▶ Work required: The span to repeat in the listing below runs from the line containing "Purple Lavender Dusty" to the line containing "Painting London Big", inclusive. Repeat it exactly, and only it.

▶ Input data:

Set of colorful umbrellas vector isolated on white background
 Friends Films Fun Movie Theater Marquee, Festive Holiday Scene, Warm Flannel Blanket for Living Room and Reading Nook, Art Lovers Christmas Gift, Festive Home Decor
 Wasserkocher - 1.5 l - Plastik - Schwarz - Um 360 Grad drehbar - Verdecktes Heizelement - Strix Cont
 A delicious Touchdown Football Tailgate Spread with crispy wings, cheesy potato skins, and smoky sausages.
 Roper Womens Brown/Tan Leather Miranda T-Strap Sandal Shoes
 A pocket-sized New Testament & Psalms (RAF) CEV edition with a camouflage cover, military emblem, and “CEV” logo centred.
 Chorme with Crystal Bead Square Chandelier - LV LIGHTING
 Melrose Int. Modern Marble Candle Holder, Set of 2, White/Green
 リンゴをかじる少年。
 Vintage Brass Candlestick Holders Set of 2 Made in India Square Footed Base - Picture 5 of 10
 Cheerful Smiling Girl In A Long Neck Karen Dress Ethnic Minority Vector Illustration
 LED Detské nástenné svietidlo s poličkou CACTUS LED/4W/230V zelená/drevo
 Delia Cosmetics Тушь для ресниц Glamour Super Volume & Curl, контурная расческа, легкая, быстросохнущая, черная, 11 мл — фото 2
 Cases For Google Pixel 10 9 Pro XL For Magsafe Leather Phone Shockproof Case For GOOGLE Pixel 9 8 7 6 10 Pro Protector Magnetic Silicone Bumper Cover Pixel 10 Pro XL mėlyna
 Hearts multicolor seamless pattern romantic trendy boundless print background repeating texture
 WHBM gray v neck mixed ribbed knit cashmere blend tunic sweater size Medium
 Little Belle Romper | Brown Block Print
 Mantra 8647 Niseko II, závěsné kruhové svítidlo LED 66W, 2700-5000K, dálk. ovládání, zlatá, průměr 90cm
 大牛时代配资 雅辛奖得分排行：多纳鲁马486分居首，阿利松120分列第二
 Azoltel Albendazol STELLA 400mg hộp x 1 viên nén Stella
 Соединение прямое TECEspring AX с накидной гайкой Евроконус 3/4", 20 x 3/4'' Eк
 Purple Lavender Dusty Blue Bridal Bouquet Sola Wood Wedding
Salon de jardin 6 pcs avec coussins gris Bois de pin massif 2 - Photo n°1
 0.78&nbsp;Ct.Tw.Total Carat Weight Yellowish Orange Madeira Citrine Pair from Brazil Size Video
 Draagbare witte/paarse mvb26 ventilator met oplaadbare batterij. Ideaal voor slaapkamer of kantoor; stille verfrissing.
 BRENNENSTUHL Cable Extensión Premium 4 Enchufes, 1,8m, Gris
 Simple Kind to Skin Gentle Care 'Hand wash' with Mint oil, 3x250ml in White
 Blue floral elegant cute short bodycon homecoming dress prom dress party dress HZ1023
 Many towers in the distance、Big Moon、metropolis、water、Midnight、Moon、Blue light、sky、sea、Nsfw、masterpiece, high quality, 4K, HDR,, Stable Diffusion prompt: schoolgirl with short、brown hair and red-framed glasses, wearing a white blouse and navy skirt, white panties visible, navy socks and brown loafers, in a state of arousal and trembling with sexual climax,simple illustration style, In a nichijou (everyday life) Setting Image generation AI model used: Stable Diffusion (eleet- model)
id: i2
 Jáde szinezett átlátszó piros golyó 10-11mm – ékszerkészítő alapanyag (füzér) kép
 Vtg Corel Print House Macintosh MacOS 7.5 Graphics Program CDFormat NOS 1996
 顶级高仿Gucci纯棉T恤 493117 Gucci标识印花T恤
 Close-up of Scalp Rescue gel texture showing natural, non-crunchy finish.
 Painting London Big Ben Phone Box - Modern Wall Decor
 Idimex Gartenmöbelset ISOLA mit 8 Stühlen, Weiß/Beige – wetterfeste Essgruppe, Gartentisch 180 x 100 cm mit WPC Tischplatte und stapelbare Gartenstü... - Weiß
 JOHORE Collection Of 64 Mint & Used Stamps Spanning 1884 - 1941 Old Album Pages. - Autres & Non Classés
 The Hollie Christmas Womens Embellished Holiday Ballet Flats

▶ Exercise response:
 Purple Lavender Dusty Blue Bridal Bouquet Sola Wood Wedding
Salon de jardin 6 pcs avec coussins gris Bois de pin massif 2 - Photo n°1
 0.78&nbsp;Ct.Tw.Total Carat Weight Yellowish Orange Madeira Citrine Pair from Brazil Size Video
 Draagbare witte/paarse mvb26 ventilator met oplaadbare batterij. Ideaal voor slaapkamer of kantoor; stille verfrissing.
 BRENNENSTUHL Cable Extensión Premium 4 Enchufes, 1,8m, Gris
 Simple Kind to Skin Gentle Care 'Hand wash' with Mint oil, 3x250ml in White
 Blue floral elegant cute short bodycon homecoming dress prom dress party dress HZ1023
 Many towers in the distance、Big Moon、metropolis、water、Midnight、Moon、Blue light、sky、sea、Nsfw、masterpiece, high quality, 4K, HDR,, Stable Diffusion prompt: schoolgirl with short、brown hair and red-framed glasses, wearing a white blouse and navy skirt, white panties visible, navy socks and brown loafers, in a state of arousal and trembling with sexual climax,simple illustration style, In a nichijou (everyday life) Setting Image generation AI model used: Stable Diffusion (eleet- model)
id: i2
 Jáde szinezett átlátszó piros golyó 10-11mm – ékszerkészítő alapanyag (füzér) kép
 Vtg Corel Print House Macintosh MacOS 7.5 Graphics Program CDFormat NOS 1996
 顶级高仿Gucci纯棉T恤 493117 Gucci标识印花T恤
 Close-up of Scalp Rescue gel texture showing natural, non-crunchy finish.
 Painting London Big Ben Phone Box - Modern Wall Decor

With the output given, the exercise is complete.